DiffusionWithAutoscaler
allows you to serve stable diffusion with a production ready endpoint on lightning.ai.
To get started, save this code snippet as app.py
and run the below at the end of the README.
# !pip install 'git+https://github.com/Lightning-AI/LAI-API-Access-UI-Component.git'
# !pip install 'git+https://github.com/Lightning-AI/stablediffusion.git@lit'
# !curl https://raw.githubusercontent.com/Lightning-AI/stablediffusion/lit/configs/stable-diffusion/v1-inference.yaml -o v1-inference.yaml
import lightning as L
import os, base64, io, torch, ldm
from diffusion_with_autoscaler import (
AutoScaler,
BatchText,
BatchImage,
Text,
Image,
CustomColdStartProxy,
)
PROXY_URL = "https://ulhcn-01gd3c9epmk5xj2y9a9jrrvgt8.litng-ai-03.litng.ai/api/predict"

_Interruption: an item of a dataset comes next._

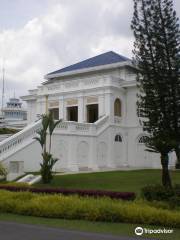 Grand Palace Park （Istana Besar）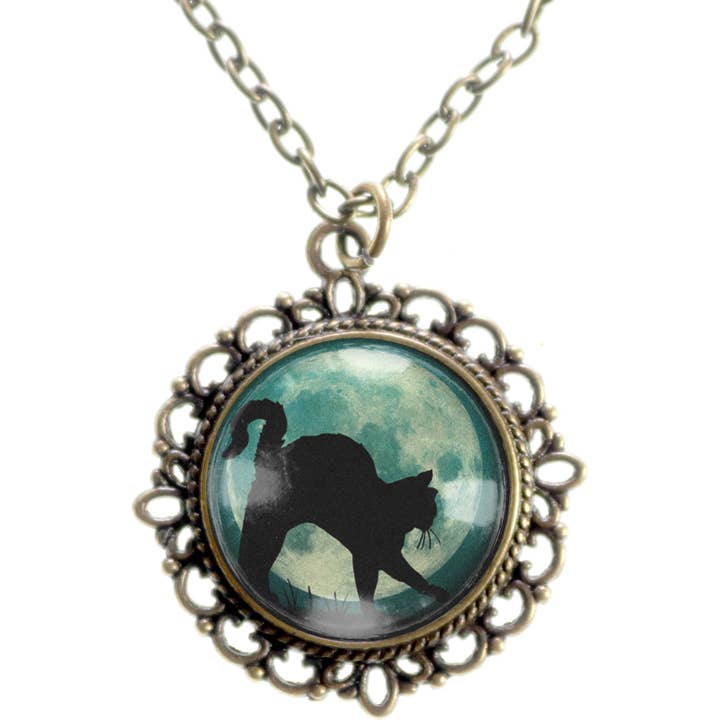Collier avec pendentif d'Halloween orné de chat noir sur lune bleue pour la vente par The Divine Iguana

class DiffusionServer(L.app.components.PythonServer):
def __init__(self, *args, **kwargs):
super().__init__(input_type=BatchText, output_type=BatchImage, *args, **kwargs)
def setup(self):
if not os.path.exists("v1-5-pruned-emaonly.ckpt"):
cmd = "curl -C - https://pl-public-data.s3.amazonaws.com/dream_stable_diffusion/v1-5-pruned-emaonly.ckpt -o v1-5-pruned-emaonly.ckpt"
os.system(cmd)
device = "cuda" if torch.cuda.is_available() else "cpu"
self._model = ldm.lightning.LightningStableDiffusion(
config_path="v1-inference.yaml",
checkpoint_path="v1-5-pruned-emaonly.ckpt",
device=device,
deepspeed=True, # Supported on Ampere and RTX, skipped otherwise.
context="no_grad",
flash_attention="triton",
steps=30,
)
def predict(self, requests):
texts = [request.text for request in requests.inputs]
images = self._model.predict_step(prompts=texts, batch_idx=0)
results = []
for image in images:
buffer = io.BytesIO()
image.save(buffer, format="PNG")
image_str = base64.b64encode(buffer.getvalue()).decode("utf-8")
results.append(image_str)
return BatchImage(outputs=[{"image": image_str} for image_str in results])
component = AutoScaler(
DiffusionServer, # The component to scale
cloud_compute=L.CloudCompute("gpu-rxt", disk_size=80),
# autoscaler args
min_replicas=1,
max_replicas=1,
endpoint="/predict",
scale_out_interval=0,
scale_in_interval=600,
max_batch_size=4,
timeout_batching=0.3,
input_type=Text,
output_type=Image,
cold_start_proxy=CustomColdStartProxy(proxy_url=PROXY_URL),
)
app = L.LightningApp(component)
Run the app for free directly there.
lightning run app app.py --setup
lightning run app app.py --setup --cloud
When serving stable diffusion 1.5 with DDIM 30 steps, you can expect the followings numbers on https://lightning.ai/:
Compute Type | Max Batch Size | Number of users (locust) | Average (ms) | Min (ms) | Max (ms) |
---|---|---|---|---|---|
A10 (gpu-rtx) | 1 | 1 | 2185 | 2124 | 5030 |
A10 (gpu-rtx) | 2 | 2 | 4206 | 2139 | 6418 |
A10 (gpu-rtx) | 4 | 4 | 7524 | 2138 | 10900 |
A10 (gpu-rtx) | 6 | 6 | 10929 | 2135 | 18494 |
T4 (gpu) | 1 | 1 | 5061 | - | - |
T4 (gpu) | 2 | 2 | 11393 | - | - |
To reproduce those numbers, you can do the following:
- Run the app in the cloud
lightning run app app.py --setup --cloud
-
Wait for the app to be ready for inference in the cloud
-
Launch the load testing app (using locust)
lightning run app loadtest/app.py --cloud --env SERVER_URL={URL_SERVER}
Example:
lightning run app loadtest/app.py --cloud --env SERVER_URL=https://gcrjp-01gpgyn0kzngryjcap9vpn8aht.litng-ai-03.litng.ai
-
From the load testing UI, specify a number of users to be either 1, 2, 4, 6 and launch the load testing
-
The Stable Diffusion model gets faster with time. At convergence, you should observe the same numbers as reported in the table above. Otherwise, open an issue.
Note: Cuda Graph isn't supported yet, but extra speed up can be expected soon.